Auch mit etwas zeitlichem Abstand jedenfalls bereitet es Kopfzerbrechen, wie man ein paar politische Wortmeldungen, die die israelische Kriegsführung in Gaza mit zehntausenden Toten und die humanitäre Katastrophe dort anprangern, als lupenreinen Antisemitismus begreifen kann. Besonders ungut: die Äußerungen von Berlins CDU-Kultursenator Joe Chialo, der in mehreren Interviews kaum noch Superlative für die angeblichen Abgründe fand.

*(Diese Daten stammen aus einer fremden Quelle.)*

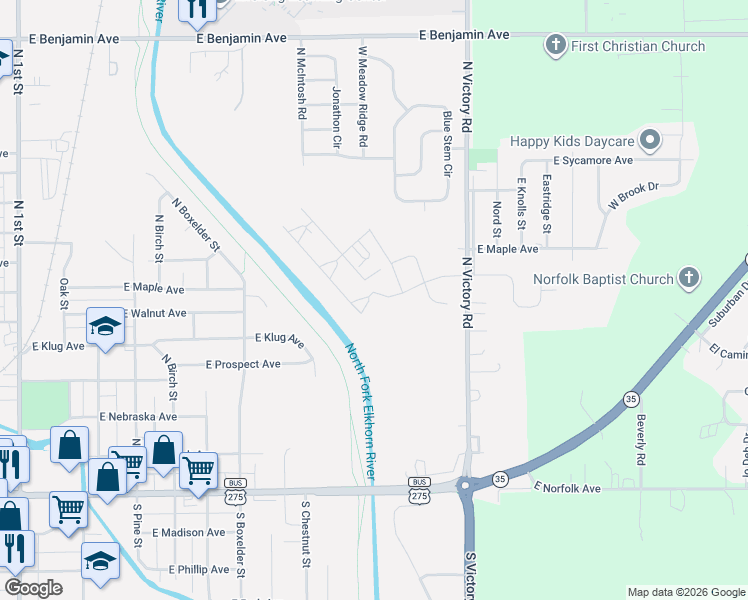 map of restaurants, bars, coffee shops, grocery stores, and more near 517 North Victory Road in Norfolk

„Das war Antisemitismus, das darf es in Berlin nicht geben“, urteilte Chialo in den „Tagesthemen“ in Bezug auf die, so Interviewer Ingo Zamparoni, „Täter“. „Gratismut“ hätten die RednerInnen auf der Veranstaltung bewiesen, und leider, leider sei „das Publikum in der Kulturszene nicht ganz so divers, wie man’s selber gerne sähe“, „nicht alle Perspektiven“ seien repräsentiert, es träfen sich halt „Gleichgesinnte“ – das genaue Gegenteil von einem CDU-Parteitag also.
Tiefe Provinzialität
Abgesehen davon, dass Chialo den vermeintlichen Skandal nun als Vorlage für einen zweiten Anlauf zu seiner abgeschmetterten „Antisemitismusklausel“ für öffentlich geförderte KünstlerInnen machen will: Solche Aussagen zeugen von tiefer Provinzialität. Würde Chialo sich nicht nur über deutsche Zeitungen und Sender informieren, wüsste er, dass in vielen anderen Ländern, gerade auch in den USA und Großbritannien, gerade auch unter Kunstschaffenden und Intellektuellen, Kritik am Vorgehen Israels keineswegs hinter vorgehaltener Hand geübt wird. Und wenn man ein internationales Festival ausrichtet, sollte man sich nicht wundern, wenn auch etwas davon ins kleine Berlin herüberschwappt.
Solches künftig – mit welchen Mitteln auch immer – verhindern zu wollen, wie der Kultursenator, die Staatsministerin und andere nun verkünden, lässt nichts Gutes erwarten. Muss die nächste Jury von Land und Bund abgenickt werden? Wird die Unterzeichnung von Chialo-Klauseln zur Bedingung für eingeladene FilmemacherInnen? Schafft man vielleicht gleich noch den Panorama-Publikumspreis ab (man weiß ja nie)?
Chialo, der im „Tagesthemen“-Interview den KünstlerInnen empfahl, sie sollten doch immer auch die Toten im Jemen und die Millionen Geflüchteten im „Südsudan“ erwähnen (richtig war: Sudan), sagte an anderer Stelle noch einen bezeichnenden Satz: Niemand im Publikum sei aufgestanden und habe seine Meinung gesagt, „ich auch nicht“. Genau das aber hätte er tun können, und vielleicht wäre eine fruchtbare Debatte daraus entstanden. Wer als Politiker und Gastgeber diesen Mut nicht hat, muss anderen auch keinen „Gratismut“ vorwerfen.